* What you should do
Write out again, word for word, the lines below from the line that holds "Vue intérieure côté" through the line that holds "Free People Distressed", omitting pictures.

* Recorded information
Segment Open

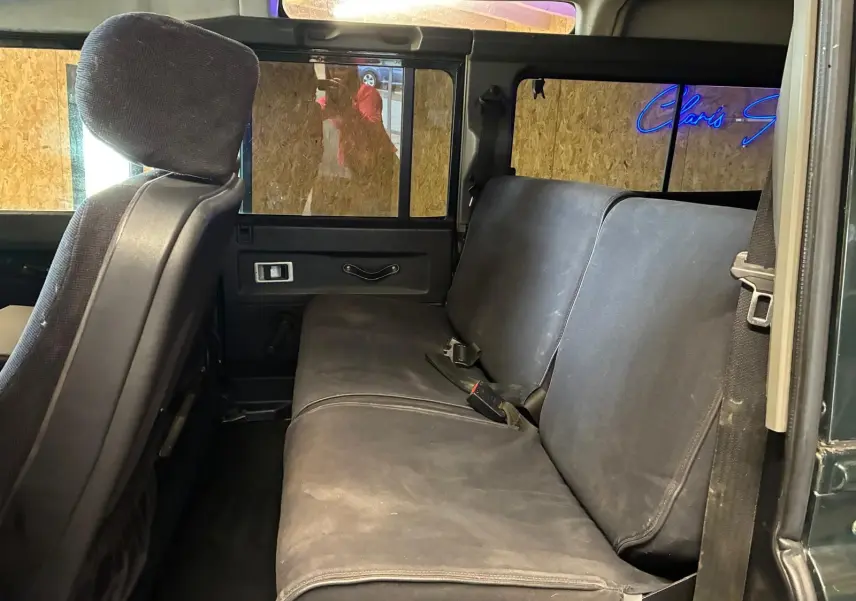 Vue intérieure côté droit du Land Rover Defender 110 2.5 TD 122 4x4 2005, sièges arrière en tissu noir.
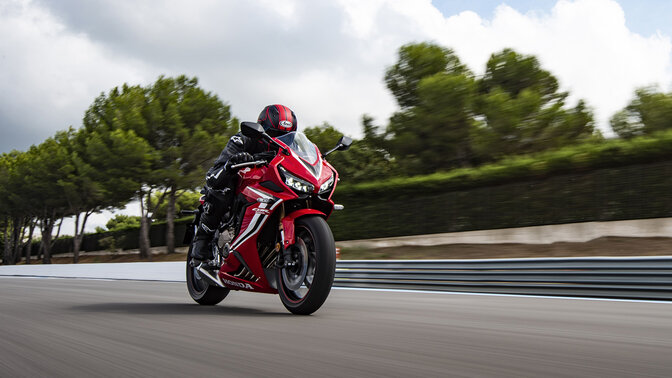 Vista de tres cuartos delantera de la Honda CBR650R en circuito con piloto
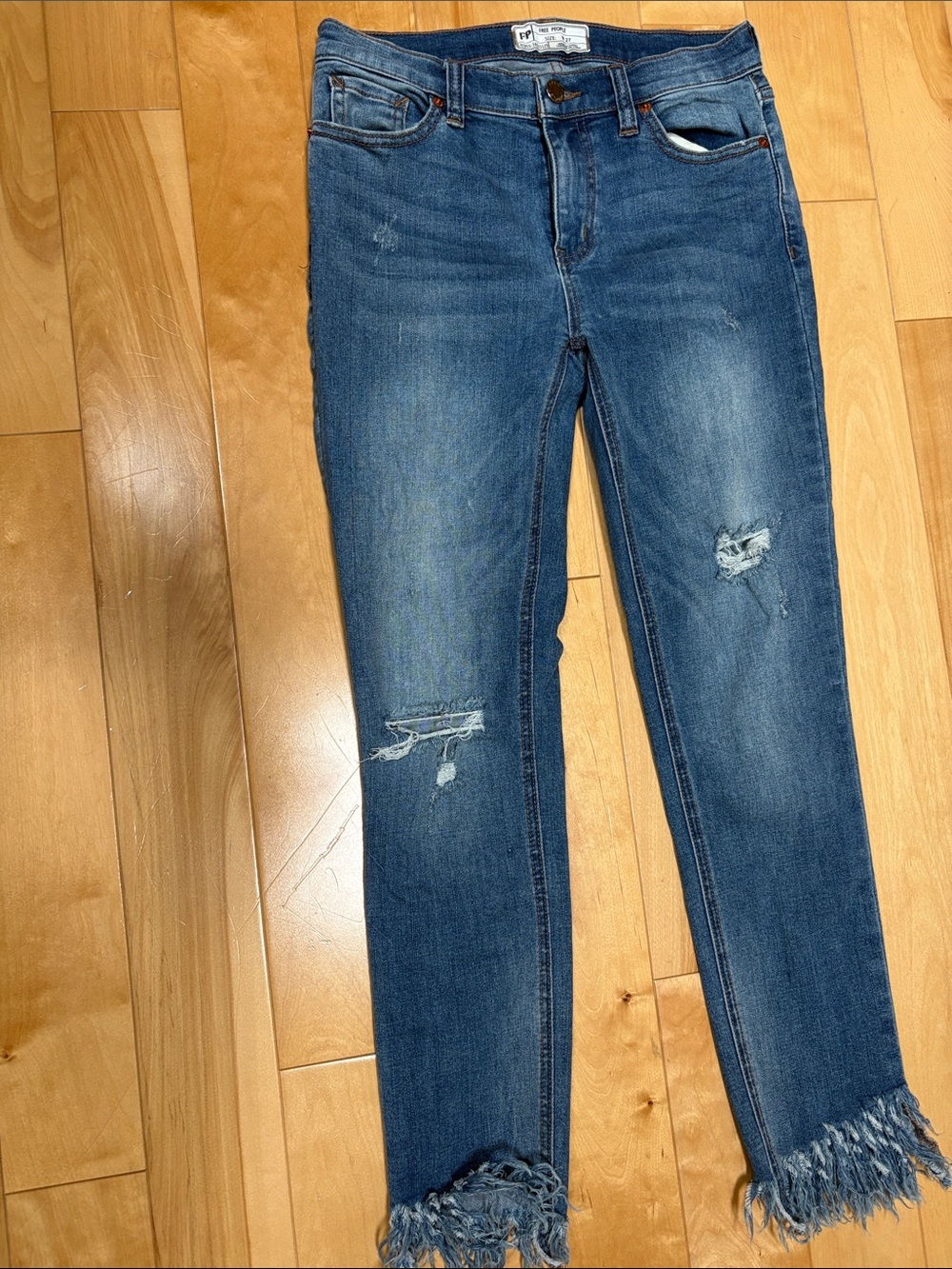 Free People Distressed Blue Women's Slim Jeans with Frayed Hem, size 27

Segment Closed
Segment Open

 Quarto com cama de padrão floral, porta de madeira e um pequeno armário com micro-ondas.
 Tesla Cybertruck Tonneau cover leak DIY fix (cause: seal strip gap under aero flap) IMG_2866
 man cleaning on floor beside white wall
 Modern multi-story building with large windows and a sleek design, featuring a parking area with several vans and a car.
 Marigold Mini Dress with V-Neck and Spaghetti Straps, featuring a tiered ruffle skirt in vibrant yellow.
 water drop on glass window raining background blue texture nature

Segment Closed
Segment Open

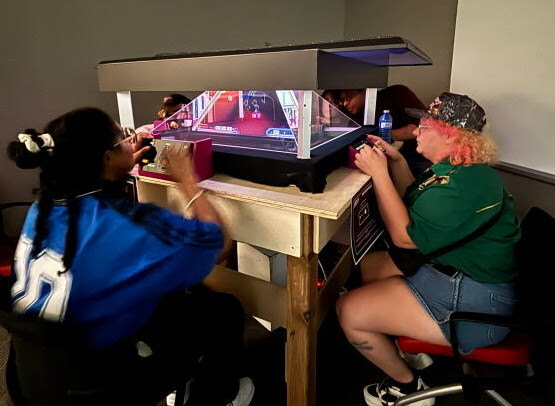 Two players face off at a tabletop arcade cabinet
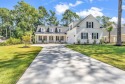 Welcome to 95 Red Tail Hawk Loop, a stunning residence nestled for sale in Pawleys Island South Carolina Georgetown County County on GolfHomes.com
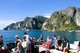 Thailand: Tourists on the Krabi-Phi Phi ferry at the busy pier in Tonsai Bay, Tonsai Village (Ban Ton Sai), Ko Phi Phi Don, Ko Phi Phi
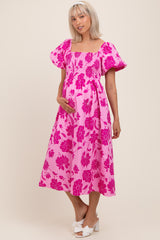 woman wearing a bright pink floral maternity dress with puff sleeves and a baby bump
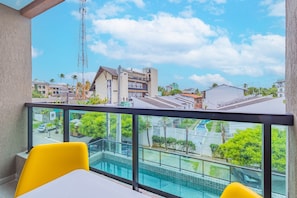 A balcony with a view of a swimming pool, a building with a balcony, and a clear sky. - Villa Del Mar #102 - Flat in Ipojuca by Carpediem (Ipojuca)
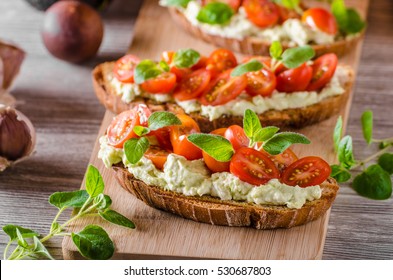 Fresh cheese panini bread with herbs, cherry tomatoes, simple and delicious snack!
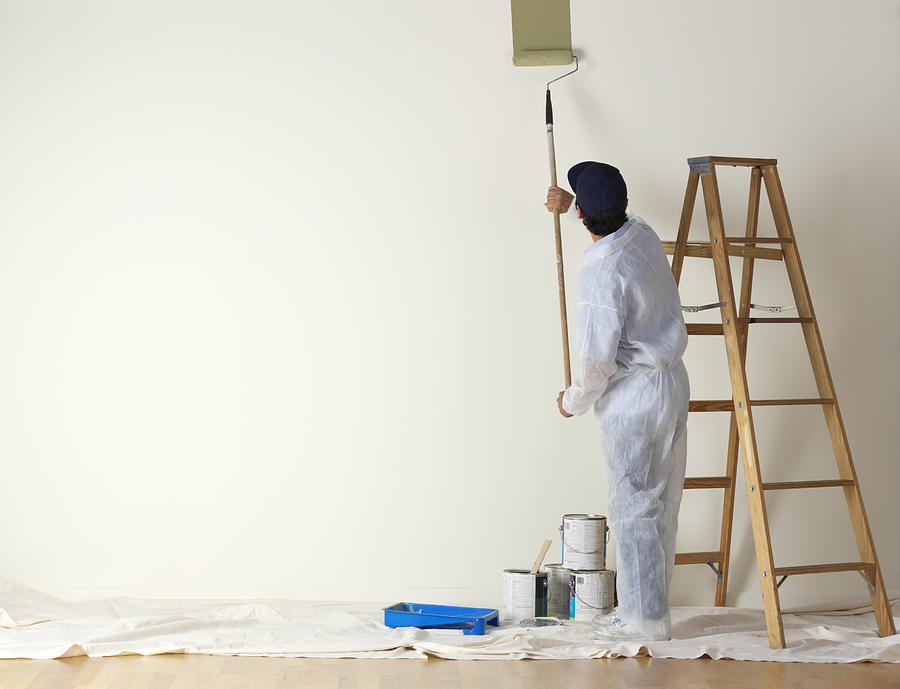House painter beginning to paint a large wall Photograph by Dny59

Segment Closed

* Answer below
 Vue intérieure côté droit du Land Rover Defender 110 2.5 TD 122 4x4 2005, sièges arrière en tissu noir.
 Vista de tres cuartos delantera de la Honda CBR650R en circuito con piloto
 Free People Distressed Blue Women's Slim Jeans with Frayed Hem, size 27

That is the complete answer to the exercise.